• WORK TASK: Transcribe every line below exactly; no image goes into the output.

Stored data:
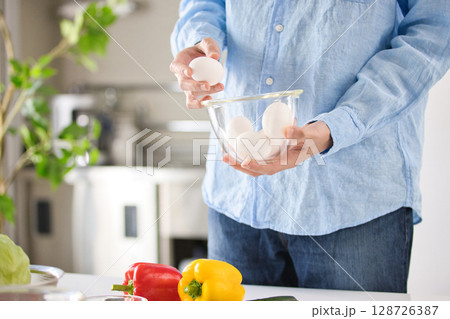卵料理を作る若い男性の手元 卵料理を作る若い男性の手元 128726387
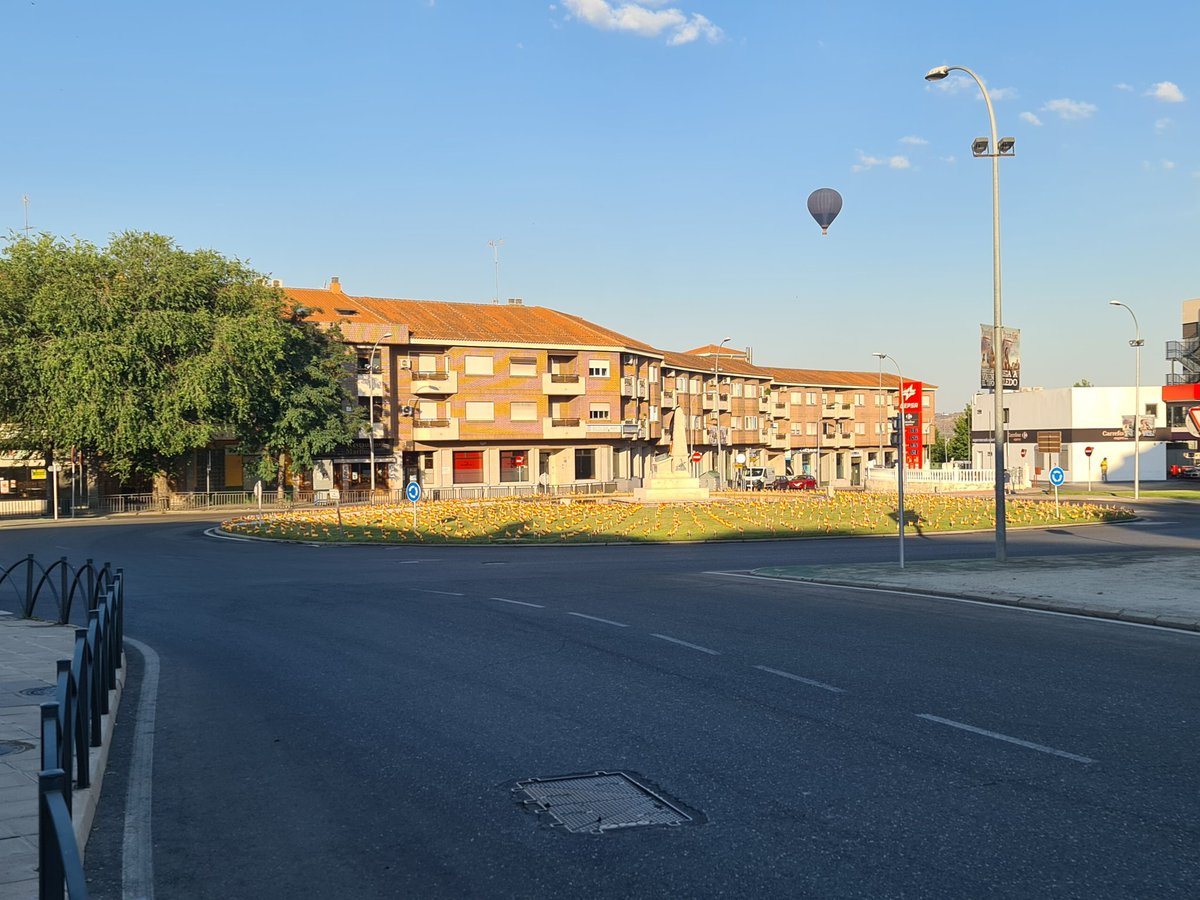 Hoy Toledo amanece con un homenaje a los caídos por Covid, a la bandera y a todos aquellos que han dado tanto por preservar los valores de nuestra Nación. 
España es todo aquello que sus hombres justos y nobles son capaces de defender.
Viva España! Viva <a href="/resistespana/">Resiste España 🇪🇸</a> !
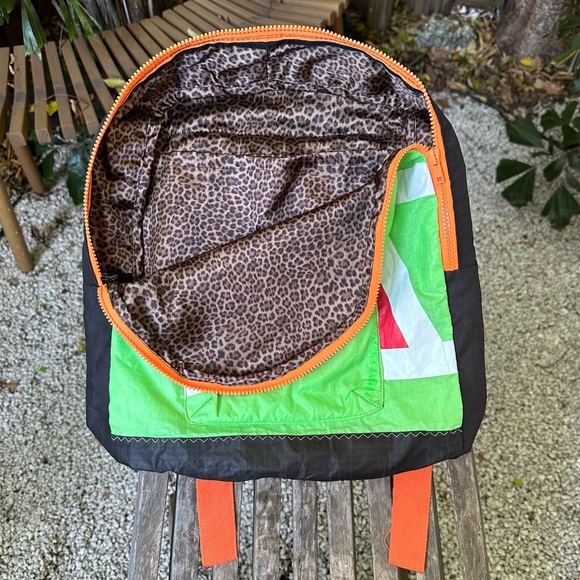 Soflo Riders Backpack made with repurposed kite - Picture 4 of 7
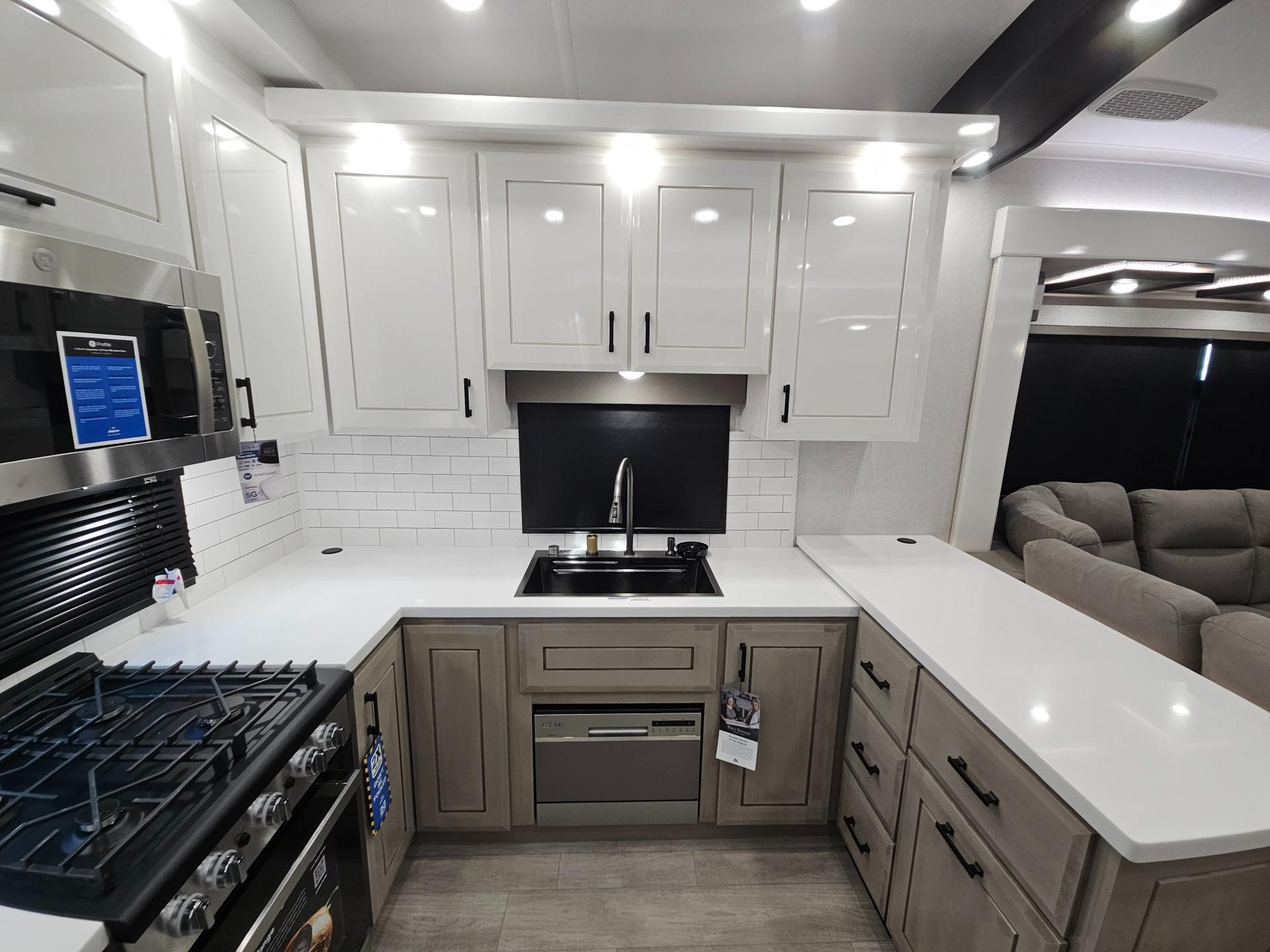 2026 Jayco 2026 Jayco Pinnacle - thumbnail 21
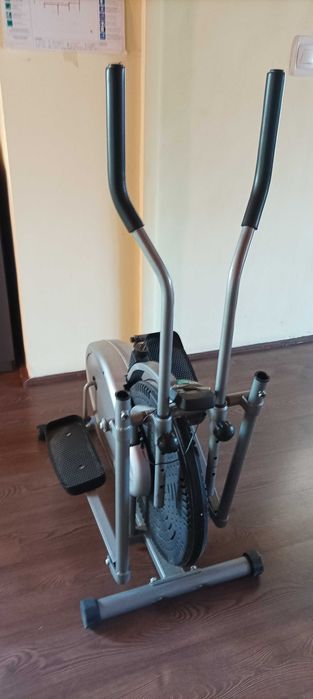 Vand bicicleta fitness de apartament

• RESULT OF THE TASK:
卵料理を作る若い男性の手元 卵料理を作る若い男性の手元 128726387
 Hoy Toledo amanece con un homenaje a los caídos por Covid, a la bandera y a todos aquellos que han dado tanto por preservar los valores de nuestra Nación. 
España es todo aquello que sus hombres justos y nobles son capaces de defender.
Viva España! Viva <a href="/resistespana/">Resiste España 🇪🇸</a> !
 Soflo Riders Backpack made with repurposed kite - Picture 4 of 7
 2026 Jayco 2026 Jayco Pinnacle - thumbnail 21
 Vand bicicleta fitness de apartament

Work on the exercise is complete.